# In a circle of radius 21 cm, an arc subtends an angle of $60^o$ at the centre. Find (i) the length of the arc.(ii) area of the sector formed by the arc.(iii) area of the segment formed by the corresponding chord.

Given:

Radius of the circle $r=21 \mathrm{~cm}$.

Angle subtended by the arc $=60^{\circ}$

To do:

We have to find

(i) the length of the arc.

(ii) area of the sector formed by the arc.

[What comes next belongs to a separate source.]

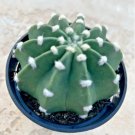 Echinopsis Subdenudata Easter Lily Cactus Domino Comes In A 3.5 Pot Fresh Garden Echinopsis Subdenudata Easter Lily Cactus Domino Comes In A 3.5 Pot Fresh Garden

(iii) area of the segment formed by the corresponding chord.

Solution:

(i) Let the length of the arc be $l$.

We know that,

Length of arc $=2 \pi r(\frac{\theta}{360^{\circ}})$

Therefore,

Length of the arc $l=2 \times \frac{22}{7} \times 21 \times \frac{60^{\circ}}{360^{\circ}} \mathrm{cm}$

$=132 \times \frac{1}{6} \mathrm{cm}$

$=22 \mathrm{cm}$

The length of the arc is $22 \mathrm{~cm}$.

(ii) We know that,

Area of the sector $=\pi r^{2} \times \frac{\theta}{360^{\circ}}$

Therefore,

Area of the sector formed by the arc$=\frac{22}{7}(21)^{2} \times \frac{60^{\circ}}{360^{\circ}}$

$=\frac{22}{7} \times 21 \times 21 \times \frac{1}{6}$

$=231 \mathrm{~cm}^{2}$

The area of the sector is $231 \mathrm{~cm}^{2}$.

(iii) Area of the segment formed by the corresponding chord $=$ Area of the sector $-$ Area of the triangle formed between the chord and the radius of the circle

$=231-(\frac{1}{2} r^{2} \sin \theta)$

$=231-\frac{1}{2} \times(21)^{2} \times \sin 60^{\circ}$

$=231-\frac{1}{2} \times 441 \times \frac{\sqrt{3}}{2}$

$=231-\frac{441 \sqrt{3}}{4}$

$=231-190.95$

$=40.05 \mathrm{~cm}^{2}$

The area of the segment formed by the corresponding chord is $40.05 \mathrm{~cm}^{2}$.